This crash is not just a simple matter within the cryptocurrency circle.
Bitcoin plummeted from 93,000 to 88,000, ETH fell below 3,000, U.S. stocks also plunged, while gold reached new highs—this already explains a lot:
It's not that crypto is collapsing; it's that global risk assets are being drained together.
The trigger seems absurd:
Trump's statement about "Greenland + tariff threats" sent the market into a frenzy.
But the essence is simple—tariffs are not diplomacy; they are expectations of inflation and recession.
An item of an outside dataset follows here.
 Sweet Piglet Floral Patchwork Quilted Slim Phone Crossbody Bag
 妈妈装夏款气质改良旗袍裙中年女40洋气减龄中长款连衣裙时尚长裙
Why is the market reacting so strongly?
Because the U.S. is already standing on the edge of a cliff:
Debt at 38 trillion, interest over 1 trillion a year
Interest rates can't be lowered further, and inflation can't be controlled
If tariffs are imposed again, it would be like fueling inflation
When the market hears "tariffs," the first reactions are only three things:
Interest rates will be higher for longer, liquidity will be tighter, and risk assets will die first.
So what you're seeing is not a "crypto crash," but rather:
U.S. stocks falling
BTC plunging even more
Gold being frantically bought
This is the reality.
So is Bitcoin really "digital gold"?
To put it bluntly:
At least not at this moment.
When something truly goes wrong:
Gold rises, BTC is slammed along with the Nasdaq
It's not a matter of belief; it's a structural issue:
BTC is still an amplifier of U.S. dollar liquidity, not a safe-haven asset.